“It is such gratifying news,” the doctor told newspaper Metro after hearing that the case would be dropped.
Police had been investigating the doctor since 2005, upon the discovery of the vast amount of child porn material on his computer.
The doctor’s extensive child porn holdings were uncovered in a massive raid carried out in 2004 dubbed “Operation Sleipner” which targeted 120 people suspected of possessing or distributing child porn.
At first, the doctor was suspected of aggravated child pornography crimes.
But because there was so much evidence to go through, it wasn’t until this year that police were able to determine that the doctor had not shared the material further or showed any indication of planning to do so.
Without the intent to spread the images of child pornography further, the doctor could only be charged with a minor child porn offences, which in turn carry a statute of limitations of five years instead of ten.
As a result of the the crime being downgraded, prosecutors had no choice but to drop the case.
This is not the first time that the period for prosecution of a similar crime is expired due to a lengthy investigation.
Local paper Västerbottenkuriren reported in April about an investigation into child pornography crimes which dragged out more than five years because of the copious amount of material stored on two discs confiscated by police.

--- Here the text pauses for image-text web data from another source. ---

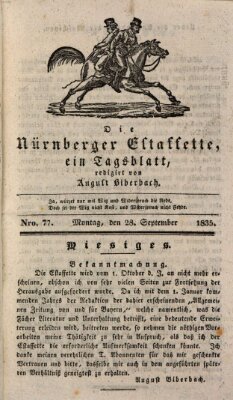 Die Nürnberger Estaffette Montag 28. September 1835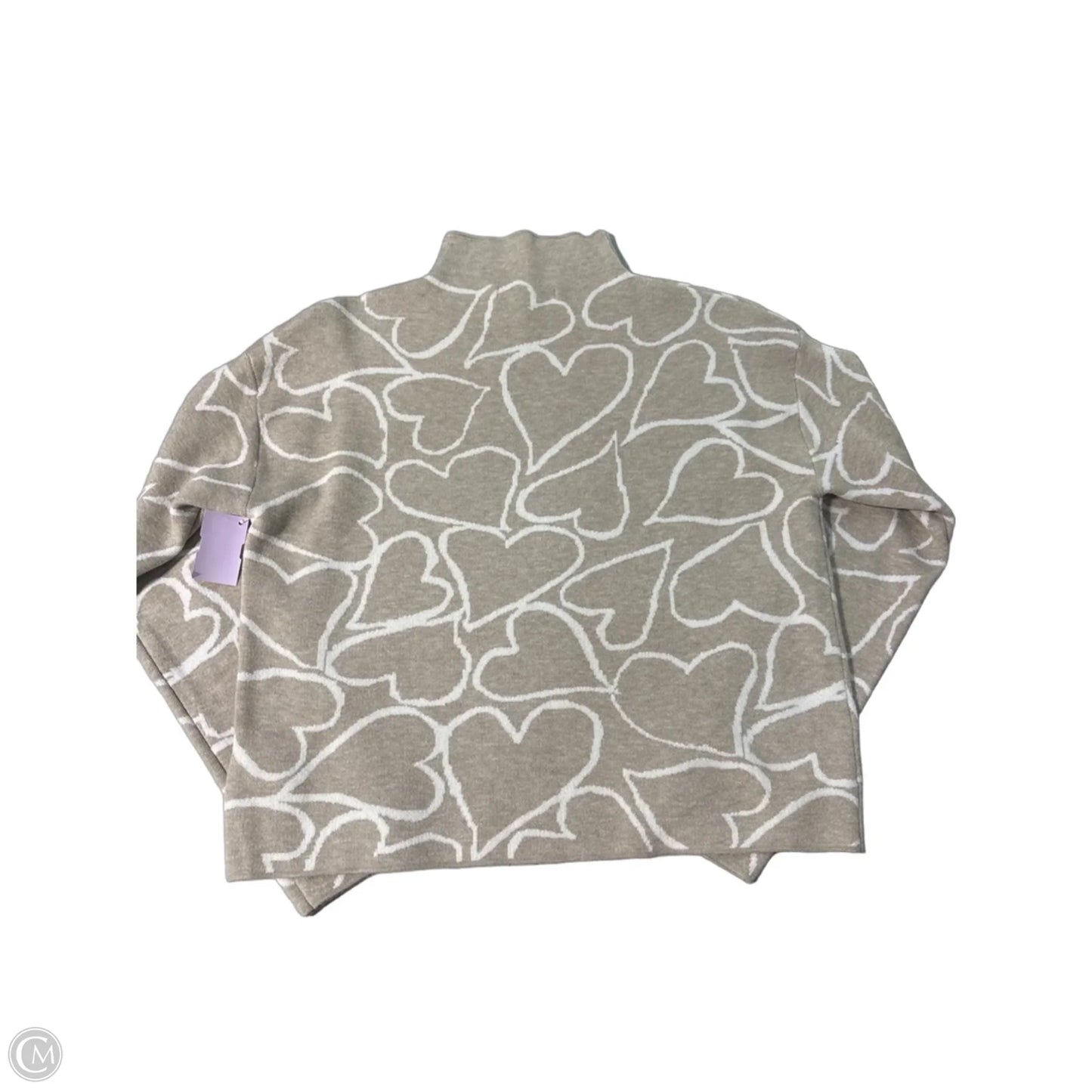 Top Long Sleeve By Tahari In Tan & White, Size: S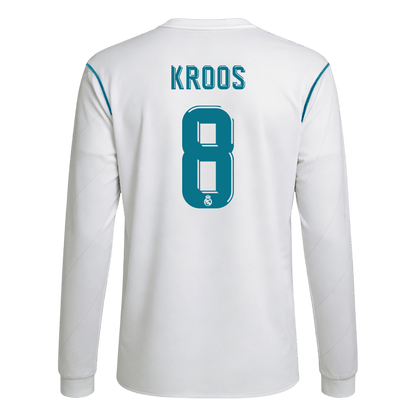 Retro KROOS #8 Men's Real Madrid 2017/18 Home Long Sleeve Soccer Jersey product view 1
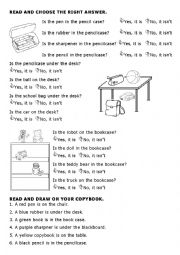 English Worksheet: Toys and school objects positions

When the case was finally handed over to prosecution it was too late and the charges where dropped.
Björn Sellström from Sweden’s National Bureau of Investigation (Rikscriminalpolisen) expressed his regret over the lengthy investigation into the doctor’s child porn holdings.
“It would certainly be possible to argue that the investigation should have been quicker to determine whether this was an aggravated crime or not and thereby kept an eye on the statute of limitations,” he told Metro.
The doctor has denied all charges since the beginning of the investigation.